Therapeutic drug monitoring is the measurement of medication levels in the blood to ensure that the levels are in the therapeutic range. This is important in schizophrenia for several reasons.
- Patients may not always take their medications; checking the level can detect this.
- Patients may not always be the best reporters of their side effects, and medication levels can occasionally detect clinically silent toxicity.
- Smoking tobacco products induces the liver enzyme CYP1A2, which metabolizes a number of antipsychotic drugs. For example, patients who stop smoking while being treated with clozapine or olanzapine often experience an increase in their antipsychotic levels. (Nicotine patches and nicotine inhalers and chewing tobacco do not induce this enzyme.)
However, many medications do not have clear dose-response curves established. Plasma concentrations of haloperidol are somewhat correlated with clinical effects. levels of about 15-25 ng/mL are thought to be optimal. Plasma concentrations of clozapine of around 300-400 ng/mL may be optimal.
- Anticholinergic agents (eg, benztropine, procyclidine, trihexyphenidyl, diphenhydramine) or amantadine are often used in conjunction with the conventional antipsychotic agents to prevent dystonic movements or to treat extrapyramidal symptoms. Akathisia is particularly difficult to treat, but it occasionally responds to an anticholinergic agent, a benzodiazepine, or a beta-blocker.

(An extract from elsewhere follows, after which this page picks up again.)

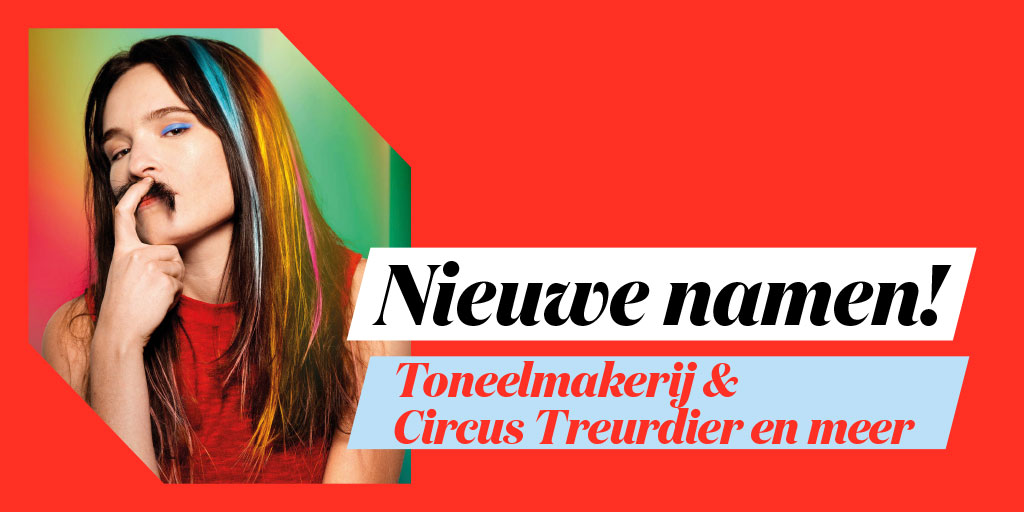 SPOT Theater tweet media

- Clozapine is the oldest atypical antipsychotic agent and probably the most effective.[42] It is associated with about a 1% risk of agranulocytosis, so patients must have weekly white blood cell count monitoring for the first 6 months[43] (the period of greatest risk) and then monitoring every 2 weeks for 6 months, and then every 4 weeks, as long as the absolute neutrophil count (ANC) is normal. (If the ANC drops, then a strict protocol of monitoring and possibly medication cessation must be followed). Clozapine is also associated with anticholinergic adverse effects, sedation, and drooling.[43] Constipation and cardiac side effects (cardiomyopathy and myocarditis) can be life threatening. However, approximately one third of patients who have not responded to conventional antipsychotic agents do better on clozapine. Violence, substance abuse, smoking, and suicidality are diminished with the use of clozapine.

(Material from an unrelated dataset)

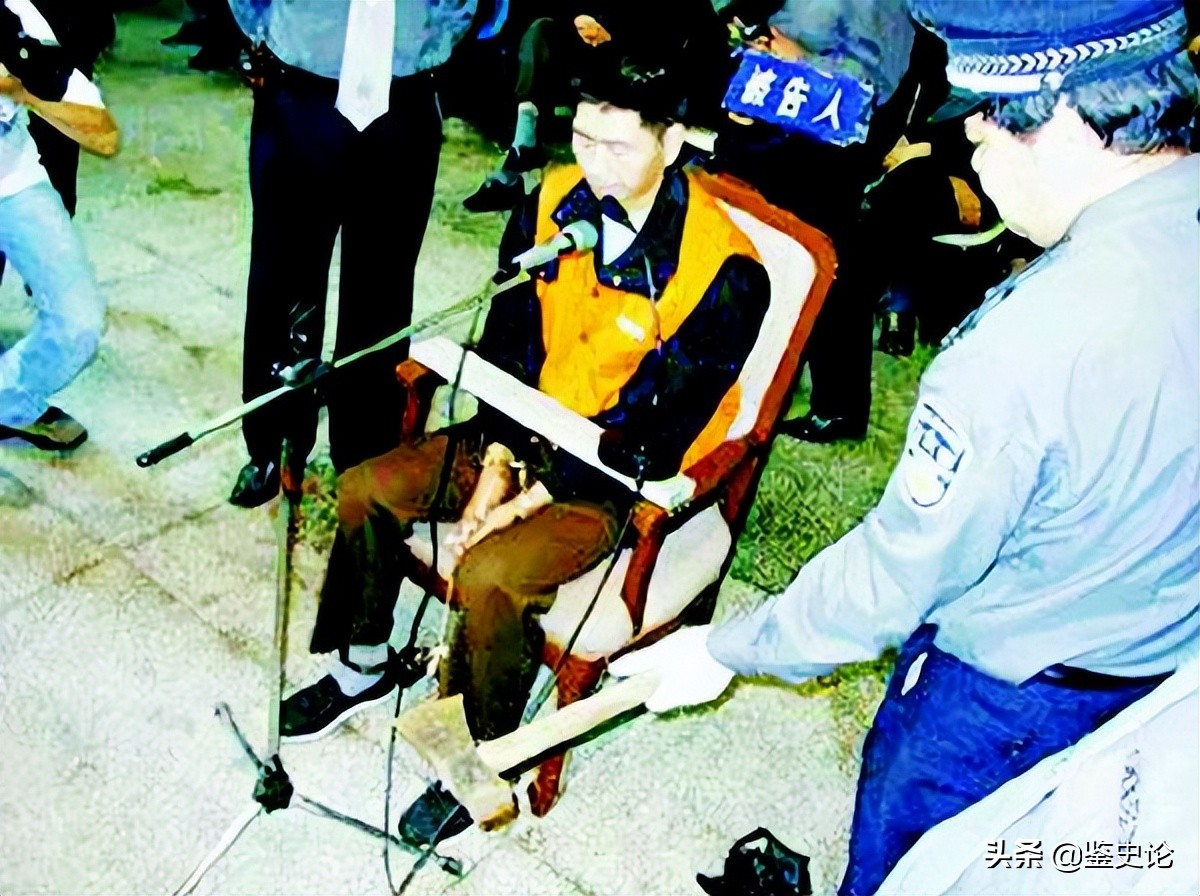 陕西男子杀害同居女子及其丈夫,陕西一男子杀害妻子和情人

Many patients with schizophrenia are treated with other psychotropic medications in addition to antipsychotic agents. Very little rigorous evidence for the use of polypharmacy in schizophrenia exists, but it is widely practiced. Medications often used include the antidepressants, mood stabilizers, and anxiolytic agents. Note that carbamazepine and clozapine should not be used together.

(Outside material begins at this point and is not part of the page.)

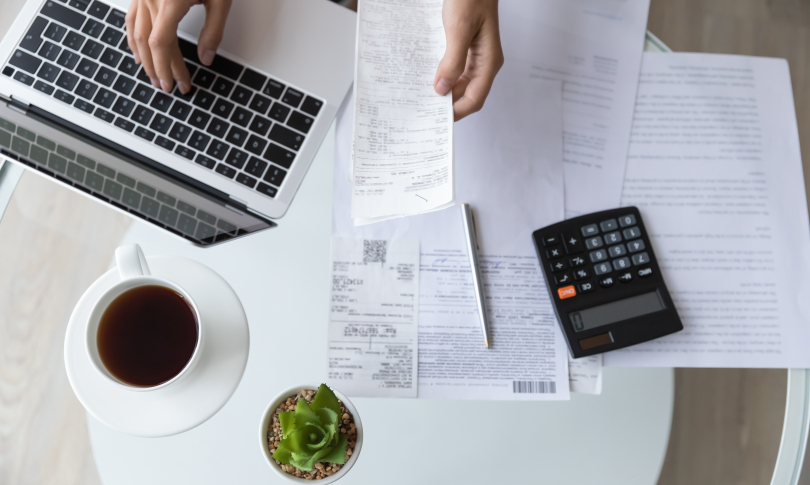 παραγραφη-κοινοχρηστων_2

Using 2 or even 3 different antipsychotic agents together is also common. Recent reports suggest that patients prefer this.[44]
A recent meta-analysis of 19 studies involving more than 1200 subiects also found an advantage for antipsychotic polypharmacy.[45]
Some studies have explored the potential neurotoxic effects of antipsychotic medications; however, no clear conclusions have been reached.
For example, Ho et al performed structural brain imaging in more than 200 patients with schizophrenia over 7 years. Those patients treated with higher doses of antipsychotic medications seemed to lose gray matter throughout their brain (except the cerebellum); those treated with lower doses of antipsychotic medications seemed to have a small increase in white matter of the brain.[46]
The clinical significance of these findings is unclear. Whether these changes are associated with any clinical symptoms directly or if the changes are reversible is unknown. Whether higher doses of medication were in response to the gray matter loss or the other way around is unclear.
No choice of antipsychotic medication in schizophrenia is clear. Clozapine is the most effective medication but is rarely initially used because it is so burdensome. It has not outperformed other medications in first-episode patients.[47, 48]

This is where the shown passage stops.